II. Les limites révélées face à l’objectif de préservation de l’environnement
La taxe plastique, bien que constituant un outil vers une réduction de l’usage du plastique, demeure un instrument insuffisant pour atteindre de manière optimale les objectifs environnementaux fixés (A), d’autant plus qu’elle risque de détourner l’attention des efforts de fond qu’il est nécessaire de faire afin de parvenir à une véritable transition écologique (B).
A. Une réponse partielle aux défis environnementaux
Les écologistes émettent des critiques vis-à-vis de l’absence de solution à la source du problème du plastique. A titre d’illustration, Nathalie Gontard, directrice de recherche à l’Institut national de la recherche agronomique (Inrae) confiait dans un entretien au Monde : « nous focaliser sur un objectif 100% recyclé en 2025 détourne notre attention de toutes les autres mesures à prendre, qui sont à la portée de tous, dès maintenant, pour réduire notre consommation de plastique ». Elle poursuit en indiquant qu’une solution intéressante serait le « décyclage » et non le recyclage, « c’est-à-dire que l’on ne ferme pas la boucle, on ne fait pas disparaître le déchet, mais on le stocke sous la forme d’un autre objet : un vêtement, un cintre, un pot de fleurs ou en matériau de construction, qui un jour ou l’autre deviendra un déchet et continuera à se dégrader en micro et nanoparticules ».
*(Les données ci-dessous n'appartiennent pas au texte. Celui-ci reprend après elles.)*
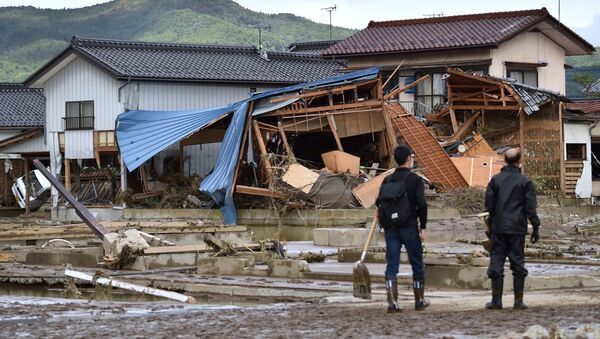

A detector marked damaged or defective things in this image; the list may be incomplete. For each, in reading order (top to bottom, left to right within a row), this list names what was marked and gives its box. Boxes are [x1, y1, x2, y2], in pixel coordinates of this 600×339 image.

La taxe plastique n’a qu’un impact marginal sur la réduction globale de l’utilisation du plastique, sans s’intéresser au problème de fond qui est la production même de plastique. Dans le même sens, elle pourrait même avoir des réactions négatives des entreprises, qui répercuteraient les coûts supplémentaires sur les consommateurs sans pour autant réduire leur dépendance au plastique. La taxe plastique ne s’attaque qu’à une partie du problème en omettant d’autres aspects tout autant fondamentaux.
B. Un objectif environnemental détourné, les limites de l’approche fiscale
Dans le prolongement du développement précédent, la taxe plastique risque de détourner l’attention de mesures plus ambitieuses et nécessaires afin d’atteindre un véritable objectif de protection environnementale. Les entreprises risquent de ne pas revoir leurs modèles de production et de consommation mais plutôt de trouver des solutions superficielles qui ne s’attaquent pas aux causes profondes de la pollution plastique à l’instar de la surproduction et de la culture de l’usage unique.
Cette mesure fiscale peut également être prise en compte pour les États membres dans les budgets publics en omettant la visée environnementale. Il en va de même pour les consommateurs qui ne vont pas se sentir concernés par la réduction de l’utilisation du plastique. Par ailleurs, à l’instar d’autres mesures prises par l’Union européenne, des disparités vont pouvoir apparaitre entre les États membres, certains États l’appliquant de manière plus ou moins strictes. Des disparités peuvent également se révéler entre les secteurs, certains étant plus dépendants que d’autres du plastique pour l’emballage. Pour ces raisons, la taxe plastique, bien que bienvenue à certains égards mériteraient d’être accompagnées de politiques complémentaires qui encouragent l’innovation, et incite au changement de comportement.